【论文笔记-AAAI2020】Overcoming Language Priors in VQA via Decomposed Linguistic Representations

最新推荐文章于 2025-03-14 23:33:06 发布

原创

最新推荐文章于 2025-03-14 23:33:06 发布 · 1.7k 阅读

6 ·

CC 4.0 BY-SA版权

文章标签：

#自然语言处理 #计算机视觉 #人工智能 #神经网络

本文探讨了视觉问答（VQA）领域中的语言偏见问题，介绍了一种新颖的方法，通过分解问题来减轻这一偏见。文章详细解析了模型的四个关键模块：语言注意力模块、问题识别模块、对象引用模块和视觉验证模块，展示了如何更准确地依据图像信息预测答案。

这篇博客会大概讲解一下论文的工作，以及一些VQA 领域的近况，也会涉及到一些自己的见解。一些容易误解的地方，我会尽量的表达细致，方便读者理解。如果需要深入研究，推荐自行再品读该论文：https://jingchenchen.github.io/files/papers/2020/AAAI_Decom_VQA.pdf
衷心希望这篇博客能有助于大家的科研工作

前言

这里我首先介绍一下Visual Question Answering（以下简称VQA）领域的language prior problem：

Most existing Visual Question Answering (VQA) models overly rely on superficial correlations between questions and answers.
For example, they may frequently answer “white” for questions about
color, “tennis” for questions about sports, no matter what images are given with the questions.、

简而言之，就是对于训练的Question与Image数据，模型并没有学会依照Image来回答问题，而只是简单的依赖answer的比例。比如对于what color这类question，答案为white占比为80%，那么当输入这类问题，模型就直接回答为white，而完全不需要依照Image，且这样的正确率很高。
相关工作：其实针对language prior的工作已经有不少了，比如18年nips的Overcoming Language Priors in VQA with Adversarial Regularization，以及CVPR的 Don’t Just Assume; Look and Answer: Overcoming Priors for VQA，等等。另外，还有我们团队的19年sigir的工作：Quantifying and Alleviating the Language Prior Problem in VQA。感兴趣的可以去看看论文。

文章概述

如何解决language prior problem一直是VQA任务的一大难点，这篇文章从question的角度出发，基于 Don’t Just Assumee; Look and Answer: Overcoming Priors for VQA那篇工作进一步延伸，对question进行了分解表示，消除了疑问词所带来的language prior，再依据Image信息进行预测answer。值得一提的是，它并不同于以前的 Neural Module Networks。且可以清晰的呈现model预测answer的过程。下面我拆分成Question decomposition和Answer prediction两部分介绍一下整个模型运行的过程。

Question decomposition：

因为question-answer pair常常包含三部分信息：question type, referring object, and expected concept. 所以作者将question分为了以上三部分。
因为存在question是否包含expected concept的问题，作者将question分为两种情况进行处理：yes/no和not yes/no。
具体的question representation如下面的示例图所示。

Answer prediction:
注意这里的question type只用来确定answer set，也就是这类question下的所以answer集合。

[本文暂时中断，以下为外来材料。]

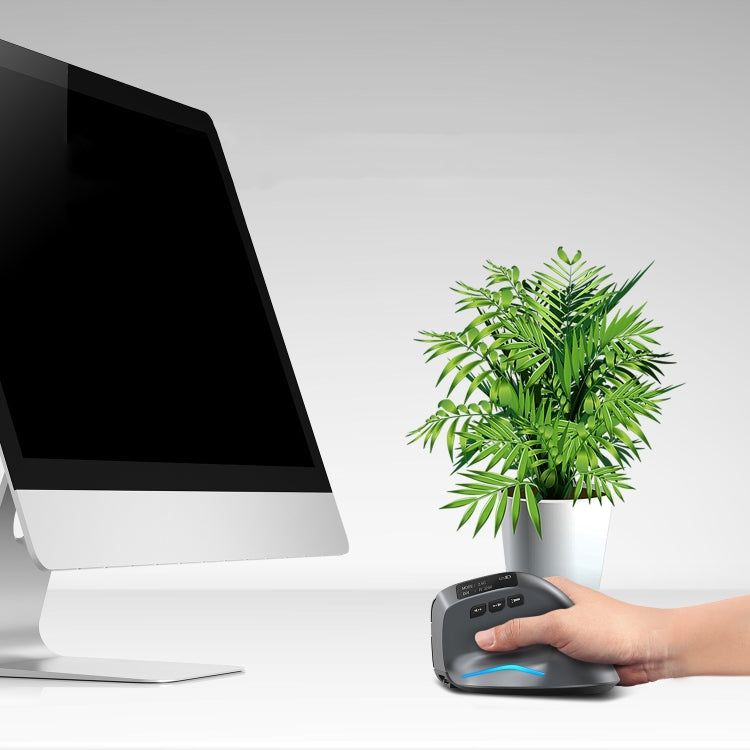Mouse wireless con impugnatura verticale e display LED a doppia modalità 2.4G+Bluetooth ZELOTES F-26C a 8 tasti, F-26C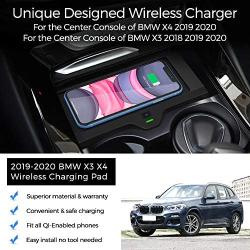 CarQiWireless Wireless Phone Charger Fast Charging for BMW X3 2018 2019 2020 BMW X4 2019 2020 Center Console Wireless Charging Pad Mat for BMW X3 X4 Accessory Compatible All Wireless Enabled Phone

它并没有直接参与到最终的answer预测，所以才会有language prior的减轻

如果question属于yes/no这类，那么它的anwer集为{yes, no}，其它的一律去掉。然后通过q_obj和Image信息采用up-down attention定位region，最后再和q_con混合，进行二分类
如果question不属于yes/no这类，那么首先需要用q_type来预测answer set，然后用q_obj与Image进行soft attention得到最终的image represention（与上面相同，）。最后，计算answer set中每个answer的得分即可。

方法介绍

概述上对整个模型讲的较为笼统，这里我尽量细致的讲解一下作者设计的各个模块，以及如何train各个模块。不太清楚的可以仔细看下上面的图。

这里首先看一下作者原文：

The proposed method includes four modules:
(a) a language attention module parses a ques-tion into the type representation, the object representation, and the concept representation;
(b) a question identification module uses the type representation to identify the question type and possible answers;
(c) an object referring module uses the object representation to attend to the relevant re-gion of an image;
(d) a visual verification module measures the relevance between the attended region and the concept representation to infer the answer.